The New South Wales Director of Public Prosecutions (DPP) is facing damning criticism over a 33-year-old woman’s brutal death and the two suspects who have never been held to account.
Lynette Daley, also known as Norma, was found naked, bruised and bloodied on Ten Mile Beach in northern NSW in January 2011.
An autopsy would later find Ms Daley died from blunt force genital tract trauma.
She had suffered horrific internal and external injuries following a violent sex act being performed on her by a man who claimed to be her boyfriend, Adrian Attwater.
Ms Daley had been taken to Ten Mile Beach the previous night by Mr Attwater and his friend, Paul Maris.

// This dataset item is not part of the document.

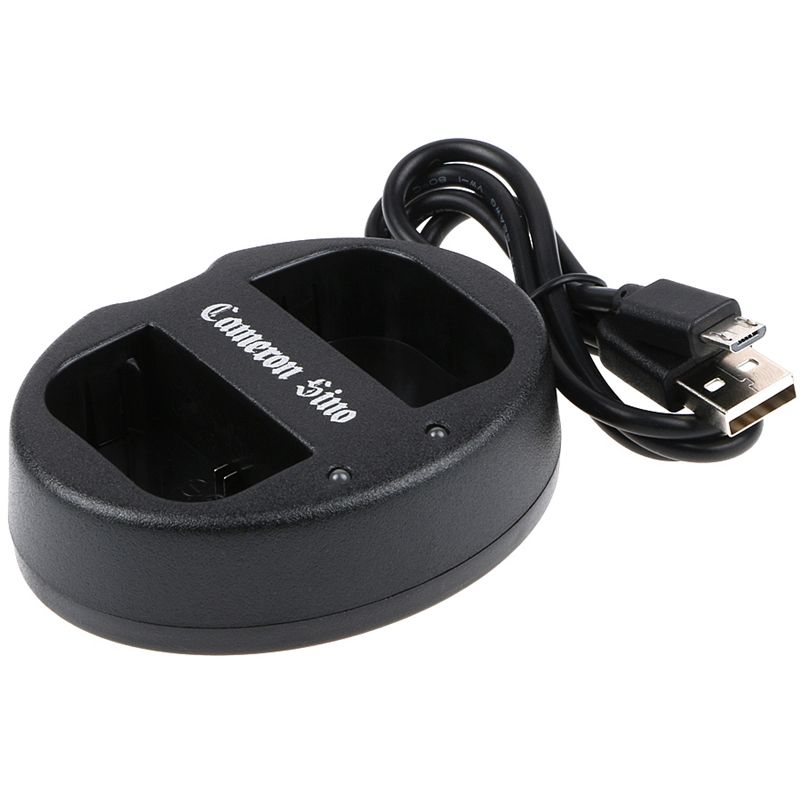 Camera Charger for Canon, 5d Mark Iii, Eos 5d Mark Iii, Eos 60d Camera Charger Cameron Sino Technology Limited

Ms Daley was a mother to seven young children. Mr Attwater and Mr Maris told Ms Daley they were taking her for a camping and fishing trip.
Both men were known to police at the time.
In the back of Mr Maris’s four-wheel-drive, in darkness, the two men subjected a highly intoxicated Ms Daley to a series of sex acts.
Forensic pathologists later found Ms Daley’s blood alcohol concentration to be dangerously high, 0.352, in the potentially lethal range of intoxication.
Experts have told Four Corners that Ms Daley would not have been able to consent to the sex acts being performed on her that night.
Attwater, Maris charged but never prosecuted
In police videos and photos of the scene obtained by Four Corners, Mr Attwater and Mr Maris describe what they did to Ms Daley.